What are your images of heaven? Wings and halos? Robes, harps, trumpets? Floating along on a cloud? Standing at the pearly gates with the hope that St. Peter finds our name in his book? These are amusing images but they are also our poor human attempt to describe a reality that is far beyond our imagining. When we think about it, don’t they trivialize a truth that should be considered with great seriousness?
Today’s reading from the Book of Revelation prompts me to think about heaven. St. John has a vision of a new heavens and a new earth. Heaven is our goal. The Baltimore Catechism made this clear at the outset, in its answer to Question #2: Why did God make you? God made me to know him, to love him and to serve him in this world so that I might be happy with him in the next. Heaven is Christ’s promise and desire for us: “This is the will of my Father, that everyone who looks upon the Son and believes in him will have eternal life. Him I shall raise on the last day.” Yet, we know so little about it. Scripture provides images but no specific details about heaven. Perhaps this is because God knows that it is impossible for our natural faculties to grasp any supernatural truth in its totality. [The Afterlife, Federico Suarez, p. 69] Fr. Roland Knox said that trying to describe heaven is “like wanting to pay the works of Wagner on the teeth of a comb.” [The Afterlife, Federico Suarez, p. 72]

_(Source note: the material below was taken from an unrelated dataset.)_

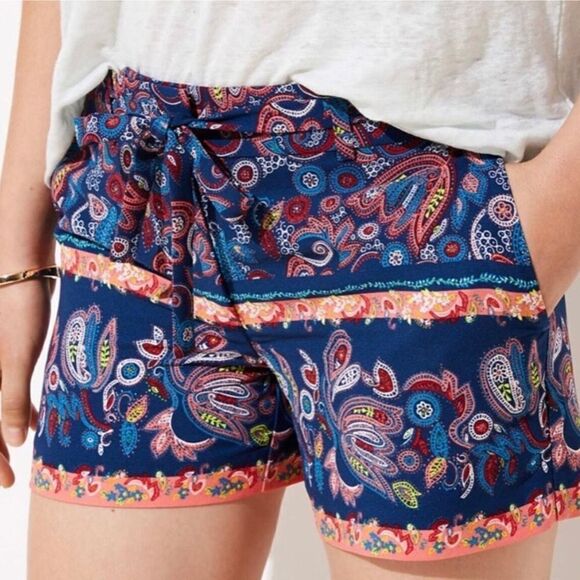 LOFT Pants - LOFT Blue Multicolor Paisley Belted Shorts Size 10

What can we understand about heaven? What happens when a soul enters heaven? Fr. Leo Trese, in his book, The Faith Explained gives us some idea:
“As the soul enters heaven, the impact of the Infinite Love that is God would be so shattering as to annihilate the soul, if God did not give the soul the strength to endure the happiness that is God...a happiness that nothing can take from us...an instant of pure bliss that will never end. There are other incidental joys that will be ours. There will be our joy in the company of our Savior and of our Mother Mary. There will be our joy in the companionship of the angels and saints, including our family members and friends who preceded or who followed us to heaven. But these joys will be only the tinkling of little bells compared to the crashing symphony of God’s love that beats upon us.” [pp. 151-152]

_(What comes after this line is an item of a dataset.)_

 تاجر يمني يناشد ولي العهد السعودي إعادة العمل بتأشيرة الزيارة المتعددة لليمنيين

At the resurrection of the dead, our souls will be reunited to our bodies. God will make all things new. Our bodies will be transformed, that is to say, glorified—free from physical limitations, with no need of food, drink or rest. They shall have a perfection and beauty that reflects the perfection and beauty of God. We don’t become angels—angels belong to another order of God’s creation. They are purely spiritual beings. (I think the song of the angels might be, “I Ain’t Got No Body!”) We become not angels but saints; who will have glorified bodies. We’ll then understand how God was working in our life. We’ll have the answers to the questions and mysteries of life.

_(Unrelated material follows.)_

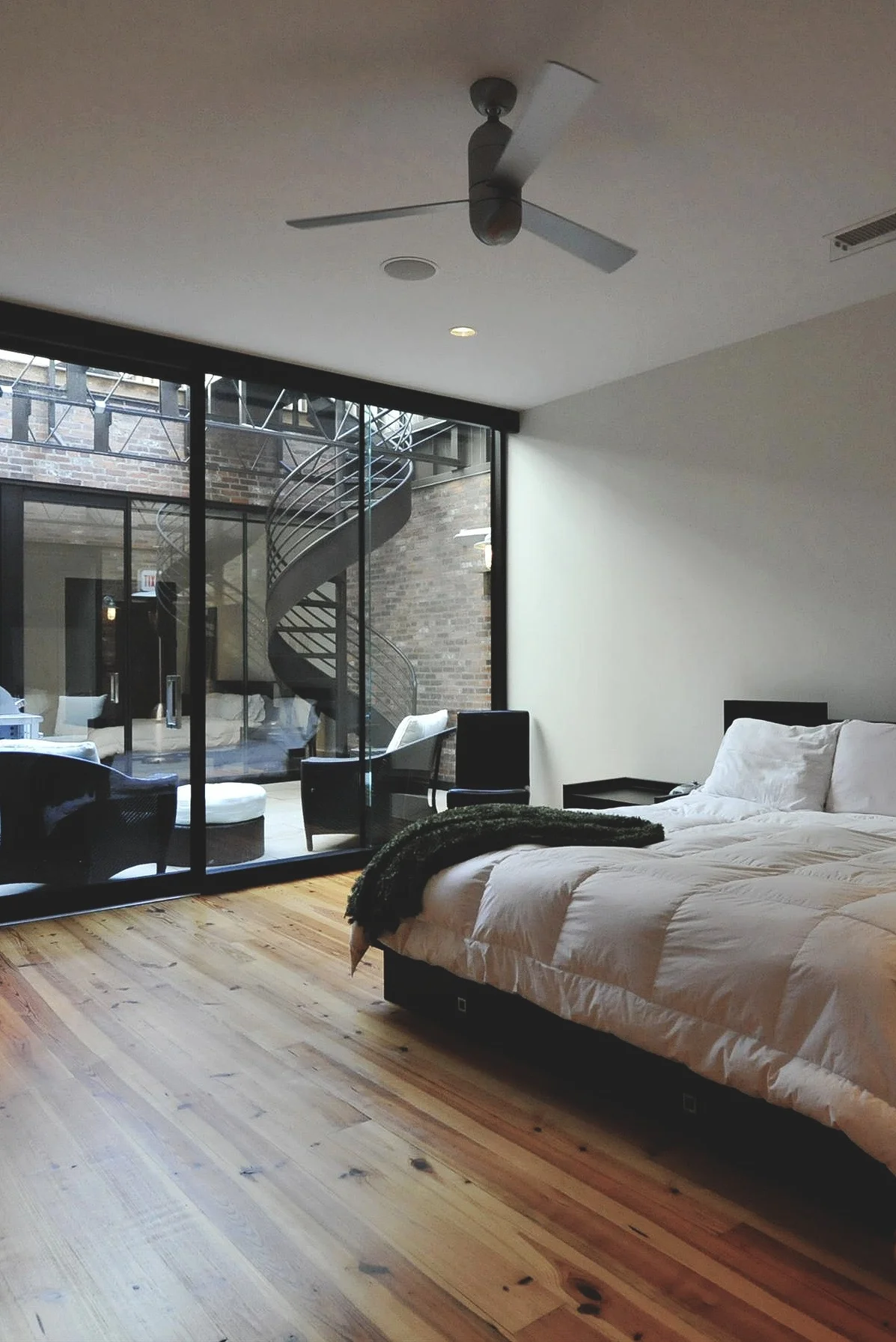 Bedroom with a centre court yard and natural light ITCHBAN.com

What will life be like; what will we do in heaven? Won’t we get bored? Is it like being in church for eternity? While worship is central to heaven, but it will be far richer than anything we experience on earth...but surely never boring! Boredom is a form of suffering, and there is no suffering in heaven.
Heaven is our goal and what God wants for us. But we must enter it. Whether we enter it, depends on how we spend our lives on earth. The key to the “pearly gate” yes, to use an image, is found in today’s Gospel: “I give you a new commandment: love one another. As I have loved you, so you also should love one another.” Only then will we come to know what God has prepared for us--what “eye has not seen, nor ear heard, nor even conceived in the mind of man.”
St. Fulgentius of Ruspe [Everyone knows St. Fulgentius] expressed it eloquently: “Christ made love the stairway that would enable all Christians to climb to heaven. Hold fast to it in all sincerity, give one another practical proof of it, and by your progress in it, make your ascent.” St. John of the Cross also reminded us of this when he said, “In the evening of life, we will be judged on love alone.” Therein lays the key!